Pod koniec czerwca Sejm przyjął ustawę reformującą postępowania wobec nieletnich opracowane przez resort sprawiedliwości. Następnie ustawa trafiła do Senatu, gdzie była przedmiotem dyskusji, m.in. ze strony ostrołęckiego senatora Roberta Mamątowa.
- Ustawa zakłada m.in. to, że nieletni sprawcy najpoważniejszych przestępstw, takich jak zabójstwo, gwałt, pedofilia, będą obligatoryjnie trafiać do zakładów poprawczych. Obecnie bowiem, jak wskazuje Ministerstwo Sprawiedliwości, zdarza się, że są obejmowani jedynie nadzorem kuratora - wskazywał senator Mamątow. - W ramach nowelizacji ma się zmienić górna granica wieku osoby przebywającej w zakładzie poprawczym.

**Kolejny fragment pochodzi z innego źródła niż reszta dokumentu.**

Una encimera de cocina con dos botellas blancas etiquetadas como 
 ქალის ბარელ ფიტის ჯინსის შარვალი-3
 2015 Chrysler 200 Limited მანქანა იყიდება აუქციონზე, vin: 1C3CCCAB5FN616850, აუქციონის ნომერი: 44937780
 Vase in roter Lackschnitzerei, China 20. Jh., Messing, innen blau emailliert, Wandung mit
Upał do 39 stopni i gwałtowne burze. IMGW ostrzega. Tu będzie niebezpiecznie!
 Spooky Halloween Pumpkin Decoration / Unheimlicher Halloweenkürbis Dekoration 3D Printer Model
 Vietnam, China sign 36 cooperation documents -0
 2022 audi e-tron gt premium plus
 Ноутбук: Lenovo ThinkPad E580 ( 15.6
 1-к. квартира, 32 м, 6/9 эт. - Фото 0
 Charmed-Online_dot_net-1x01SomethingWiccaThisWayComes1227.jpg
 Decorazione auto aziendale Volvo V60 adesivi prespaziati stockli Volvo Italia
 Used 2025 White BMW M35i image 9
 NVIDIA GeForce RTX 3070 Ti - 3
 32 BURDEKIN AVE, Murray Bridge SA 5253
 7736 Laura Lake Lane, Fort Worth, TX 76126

Obecnie pozostają w nim osoby maksymalnie do dwudziestego pierwszego roku życia, bez względu na rodzaj popełnionego czynu karalnego i wyniki resocjalizacji. W nowej ustawie wprowadzono możliwość wydłużenia pobytu o 3 lata, jeśli dotychczasowa resocjalizacja nie przyniosła skutku.
Senator Mamątow podkreślił:
Nowelizacja tej ustawy jest w pełni uzasadniona, ponieważ zmiany zapewniają zabezpieczenie i ochronę nieletnich w taki sposób, aby zagwarantować nieletnim poszanowanie ich praw, wolności i godności, nawet jeżeli popełniają czyn karalny będący przestępstwem albo wykroczeniem lub są zdemoralizowani, a tym samym, poprzez określenie jasnych procedur, zapobiegnięcie ewentualnym sytuacjom nieuzasadnionego naruszania i ingerencji w konstytucyjne prawa i wolności nieletniego
Senacka większość zarekomendowała jednak odrzucenie ustawy w całości, a następnie trafiła ona z powrotem do Sejmu. Wniosek senatorów został odrzucony, co oznacza, że dokument trafił do prezydenta RP.